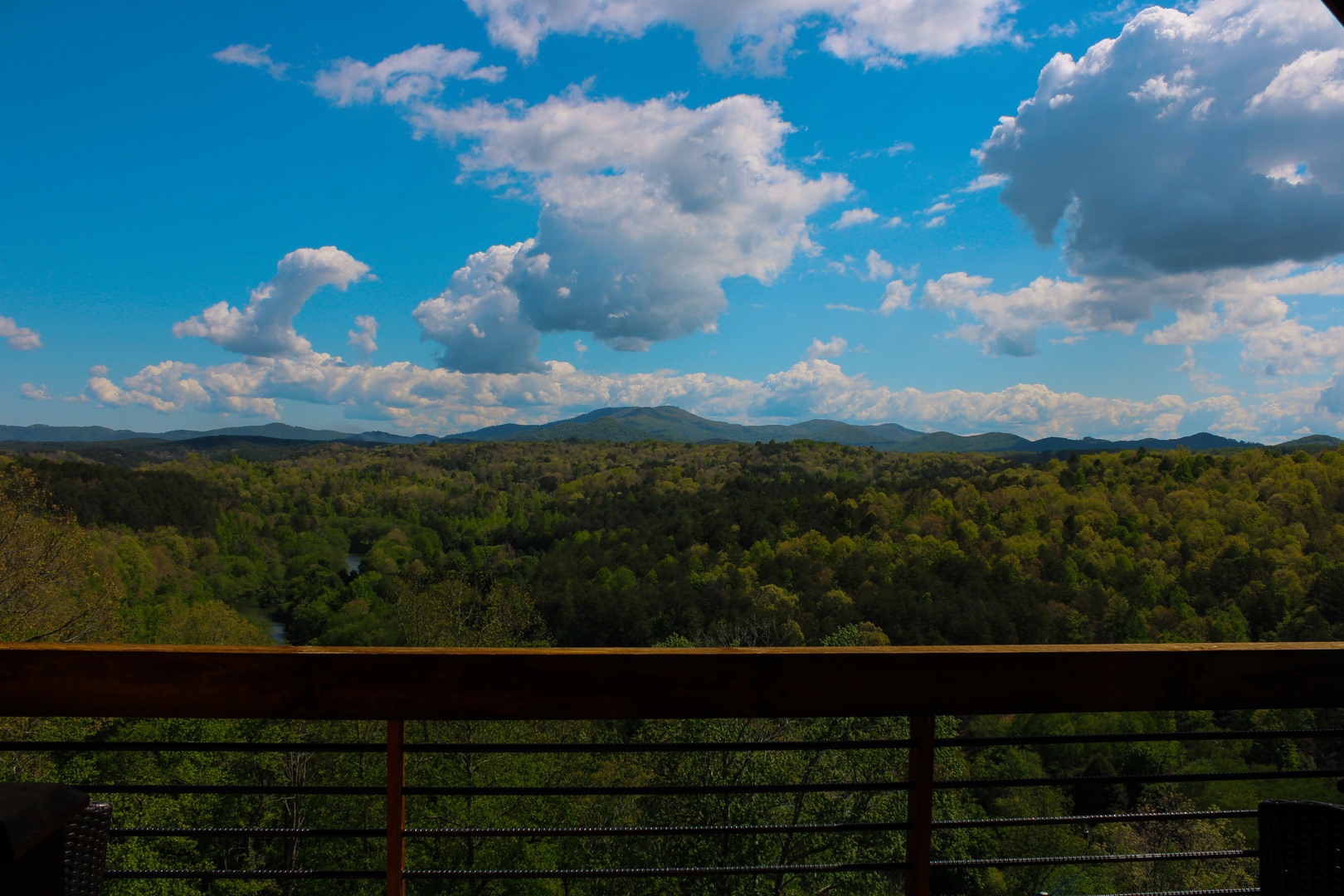 Privacy Peak - Mountain and Forest Views from Catwalk Deck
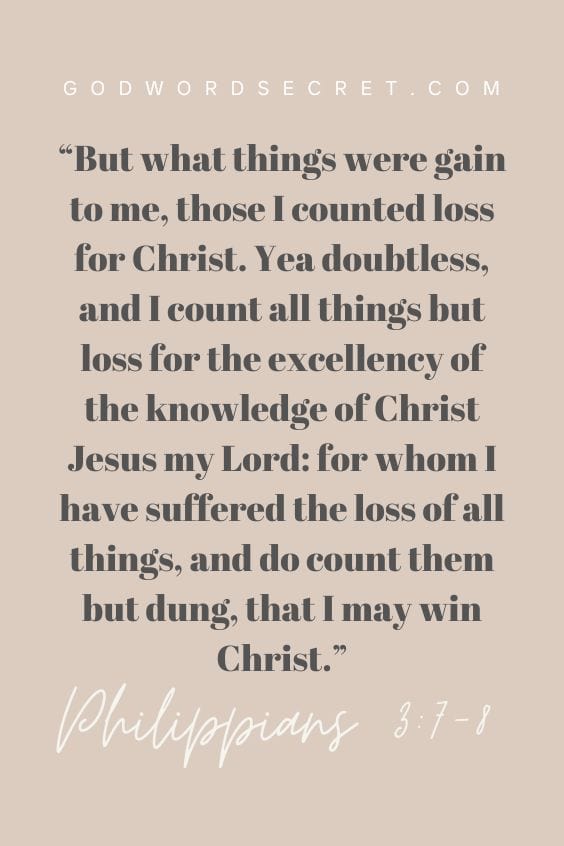 Your Value and Worth is in Christ Alone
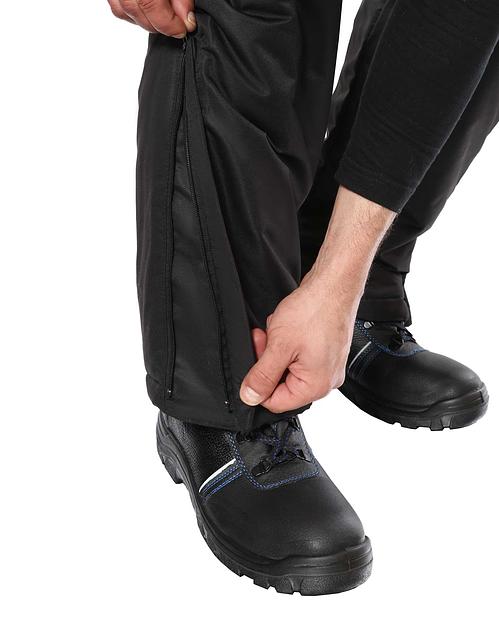 Костюм «Сириус-Алекс»зимний куртка и брюки, чёрный ОПТ фото 6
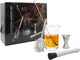 Leopold Vienna - Cocktail-Set 5-teilig (Rührglas, Barlöffel, Stößel, Pipette, Sieb) - Geschenk-Geschenkset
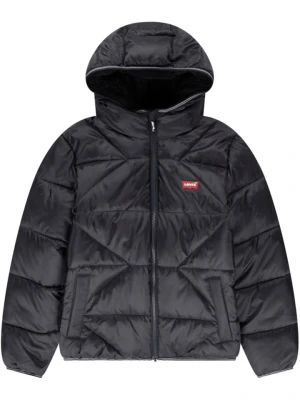 Levi's Kids Kurtka pikowana w kolorze czarnym rozmiar: 176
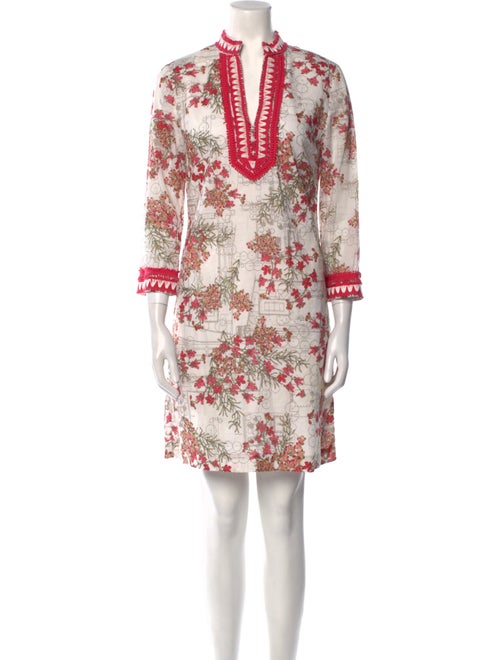Tory Burch Printed Mini Dress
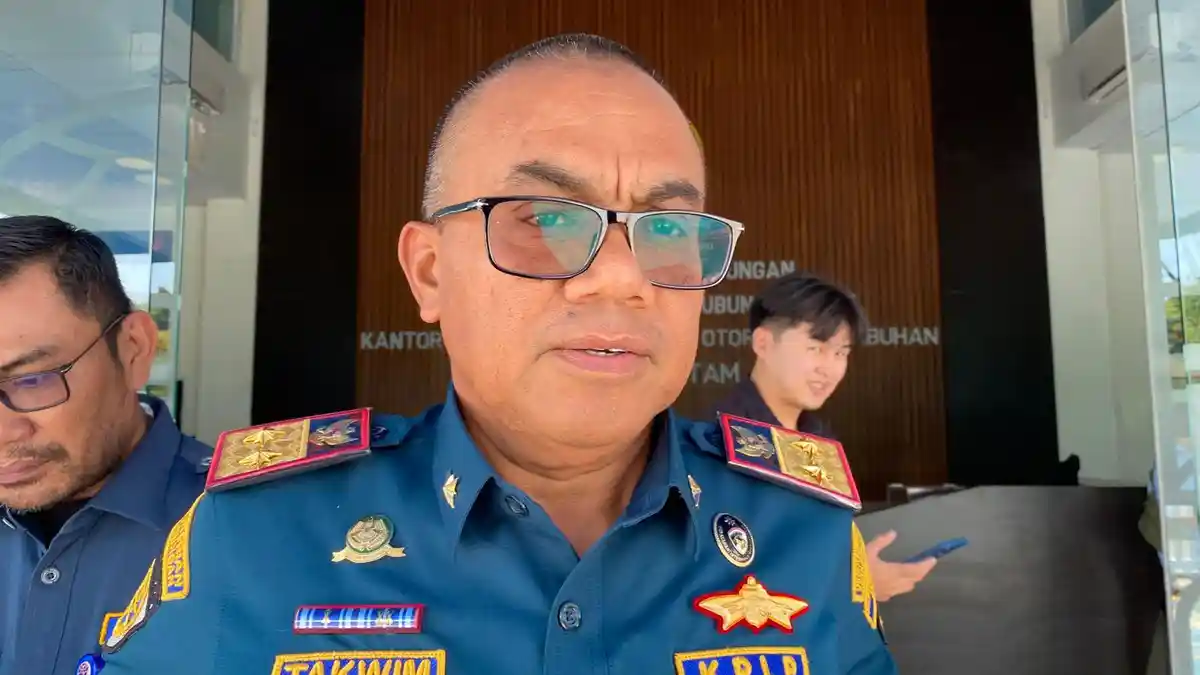 KSOP Batam Matangkan Kesiapan Puncak Arus Mudik, 145 Kapal Siap Beroperasi Layani Penumpang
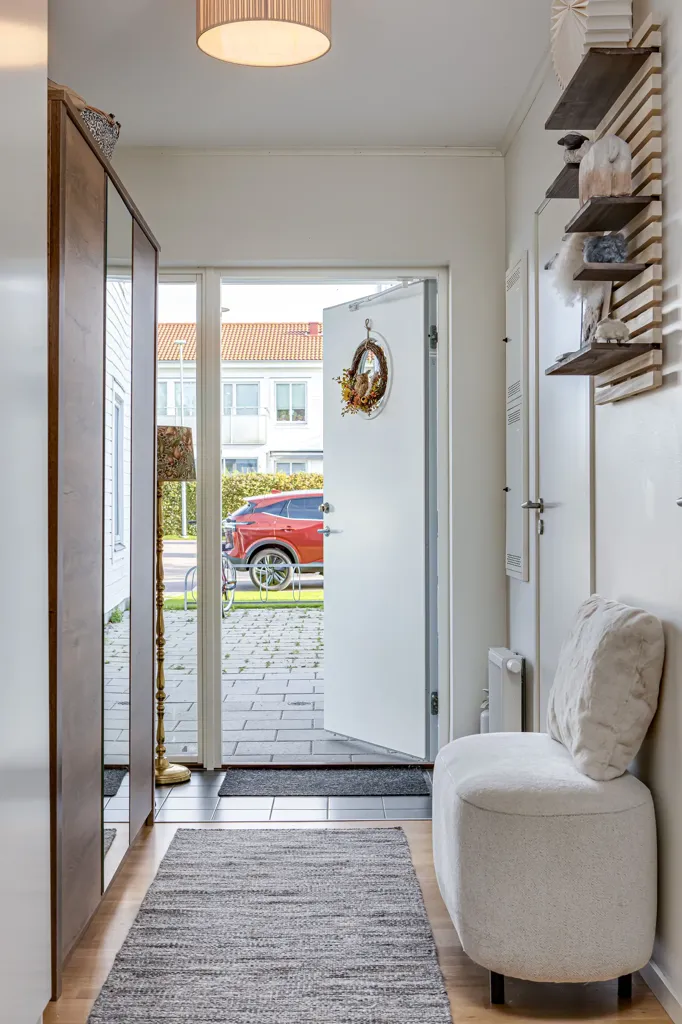 Entrée - Terraced Flat with Garden in Falkenberg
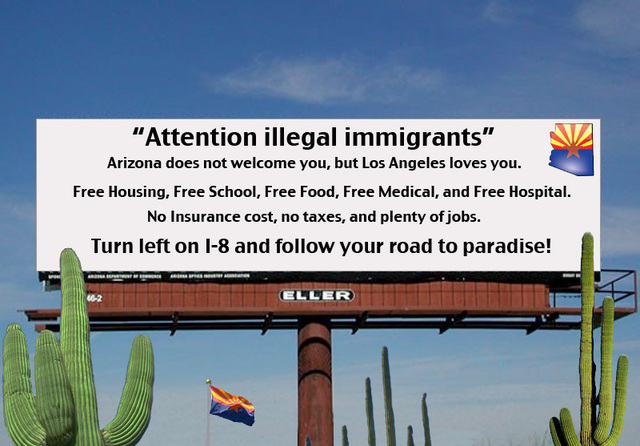 Denies Benefits to Illeagle Immigrants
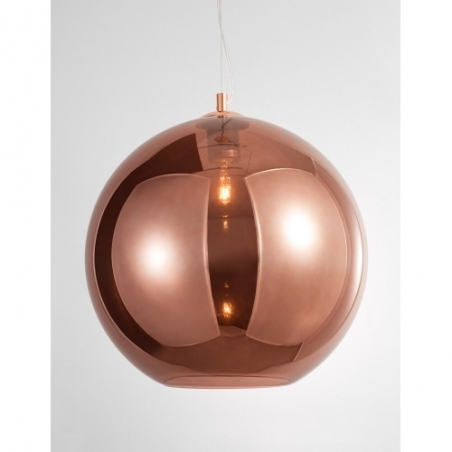 Lavizzo 35 copper glass ball pendant lamp
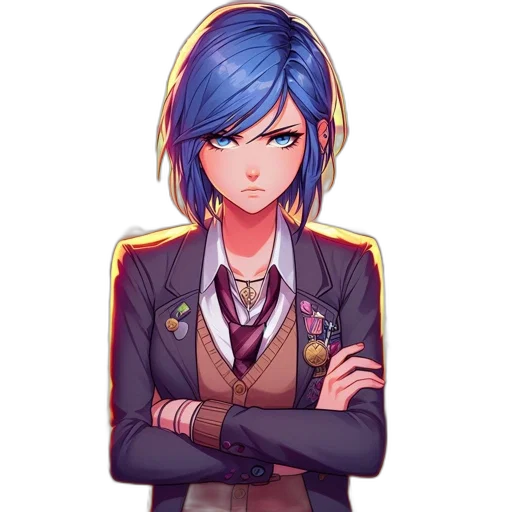 staff, face, jacket, weapon transparent PNG cut-out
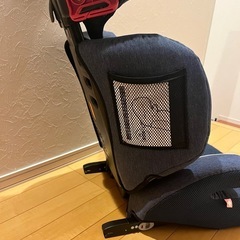 ISOFIX対応　ジュニアシート　チャイルドシート　の画像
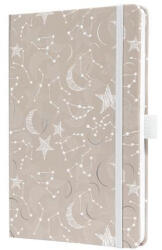 Sigel Naptár, A5, heti, 2026, kemény borító, SIGEL "Jolie", Cosmic Fantasy Beige (SIJ6349) - onlinepapirbolt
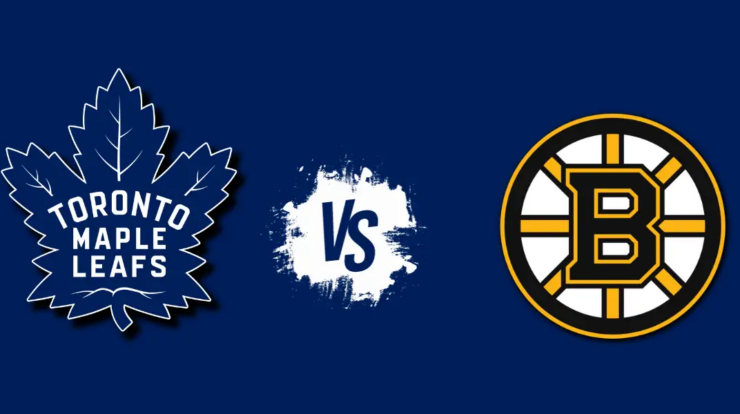 Bruins vs maple leafs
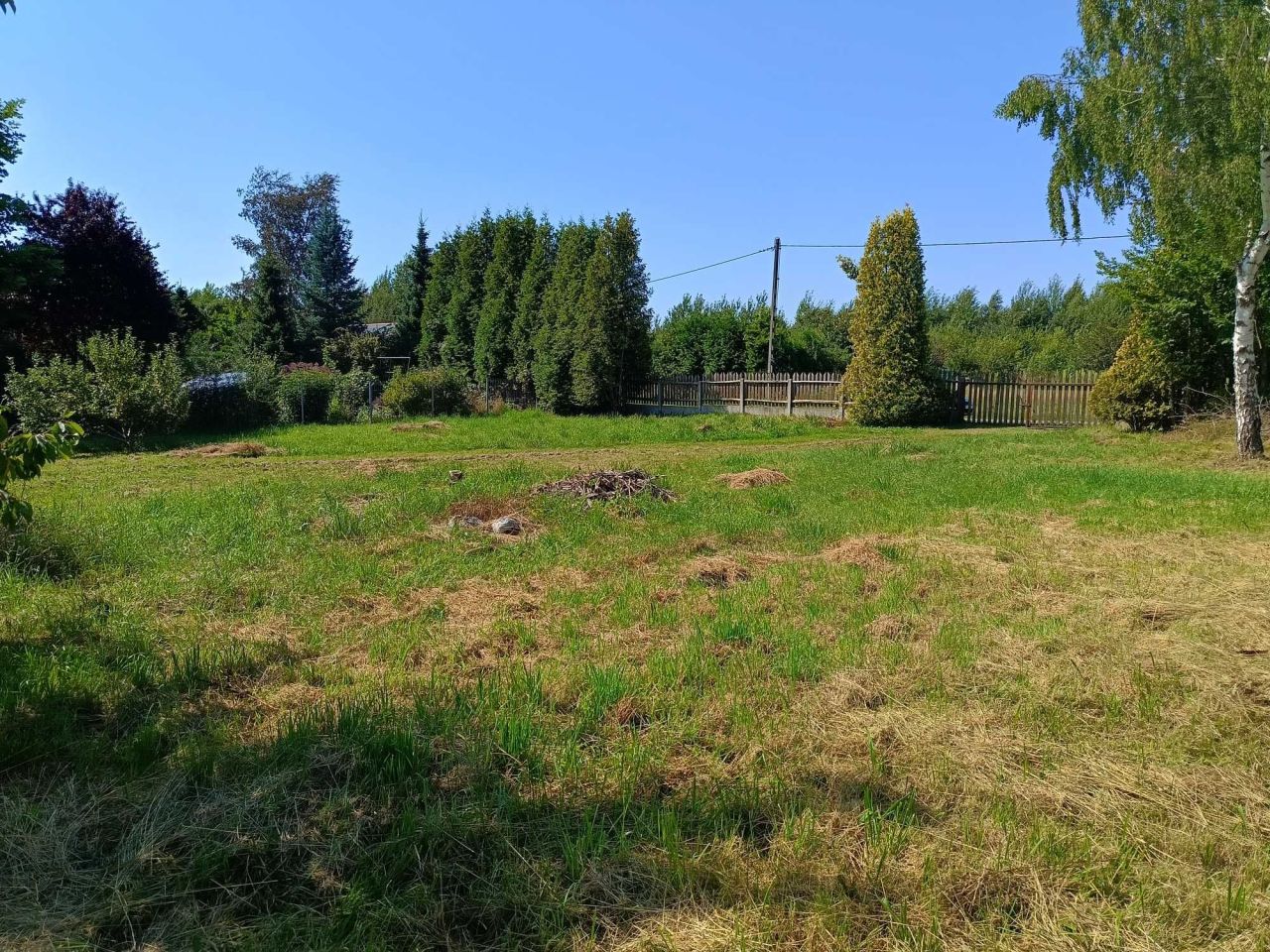 Działka budowlana Ćmińsk, ul. Sportowa. Zdjęcie 1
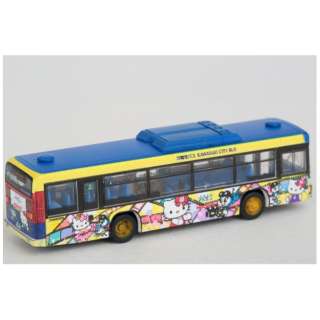 这辆公共汽车收集川崎市交通局kawasaki降鳍×Hello Kitty影像nomachi包装B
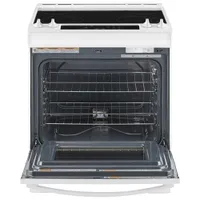 Cuisinière électrique encastrable/four autonettoyant 4,8 pi³ 30 po de Whirlpool (YWEE515S0LW)-Blanc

+---+

Reproduce the material exactly. Pictures stay out.

● **EXERCISE RESULT**:
 Privacy Peak - Mountain and Forest Views from Catwalk Deck
 Your Value and Worth is in Christ Alone
 Костюм «Сириус-Алекс»зимний куртка и брюки, чёрный ОПТ фото 6
 Leopold Vienna - Cocktail-Set 5-teilig (Rührglas, Barlöffel, Stößel, Pipette, Sieb) - Geschenk-Geschenkset
 Levi's Kids Kurtka pikowana w kolorze czarnym rozmiar: 176
Tory Burch Printed Mini Dress
 KSOP Batam Matangkan Kesiapan Puncak Arus Mudik, 145 Kapal Siap Beroperasi Layani Penumpang
 Entrée - Terraced Flat with Garden in Falkenberg
 Denies Benefits to Illeagle Immigrants
 Lavizzo 35 copper glass ball pendant lamp
 staff, face, jacket, weapon transparent PNG cut-out
 ISOFIX対応　ジュニアシート　チャイルドシート　の画像
 Sigel Naptár, A5, heti, 2026, kemény borító, SIGEL "Jolie", Cosmic Fantasy Beige (SIJ6349) - onlinepapirbolt
 Bruins vs maple leafs
 Działka budowlana Ćmińsk, ul. Sportowa. Zdjęcie 1
 这辆公共汽车收集川崎市交通局kawasaki降鳍×Hello Kitty影像nomachi包装B
 Cuisinière électrique encastrable/four autonettoyant 4,8 pi³ 30 po de Whirlpool (YWEE515S0LW)-Blanc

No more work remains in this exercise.